*** Opening Working data ***

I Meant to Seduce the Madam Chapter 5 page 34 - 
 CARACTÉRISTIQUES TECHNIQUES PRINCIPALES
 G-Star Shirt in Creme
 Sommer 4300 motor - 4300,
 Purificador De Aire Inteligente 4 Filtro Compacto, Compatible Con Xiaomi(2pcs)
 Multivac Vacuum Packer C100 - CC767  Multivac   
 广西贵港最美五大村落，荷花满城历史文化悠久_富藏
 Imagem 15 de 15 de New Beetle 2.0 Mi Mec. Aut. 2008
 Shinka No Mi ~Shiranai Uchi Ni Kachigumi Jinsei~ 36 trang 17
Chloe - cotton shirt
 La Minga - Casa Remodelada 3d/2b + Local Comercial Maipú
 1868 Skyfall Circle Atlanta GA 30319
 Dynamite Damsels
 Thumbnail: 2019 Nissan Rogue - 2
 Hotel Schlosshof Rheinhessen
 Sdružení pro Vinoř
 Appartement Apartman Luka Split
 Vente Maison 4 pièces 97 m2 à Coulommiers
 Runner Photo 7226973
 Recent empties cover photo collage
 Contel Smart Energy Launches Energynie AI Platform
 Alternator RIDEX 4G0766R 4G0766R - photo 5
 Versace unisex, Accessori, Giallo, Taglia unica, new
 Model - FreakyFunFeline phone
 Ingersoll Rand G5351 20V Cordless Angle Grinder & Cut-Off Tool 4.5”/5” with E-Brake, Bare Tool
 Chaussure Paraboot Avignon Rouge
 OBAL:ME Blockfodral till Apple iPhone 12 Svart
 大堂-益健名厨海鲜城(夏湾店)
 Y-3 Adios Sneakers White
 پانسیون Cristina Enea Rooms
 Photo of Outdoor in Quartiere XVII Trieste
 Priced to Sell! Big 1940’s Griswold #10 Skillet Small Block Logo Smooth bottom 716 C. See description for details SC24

*** Closing Working data ***

* _Instructions for the task_:
Print from the line containing "پانسیون Cristina Enea Rooms" to the last line above, exactly as written.

* _Written response_:
 پانسیون Cristina Enea Rooms
 Photo of Outdoor in Quartiere XVII Trieste
 Priced to Sell! Big 1940’s Griswold #10 Skillet Small Block Logo Smooth bottom 716 C. See description for details SC24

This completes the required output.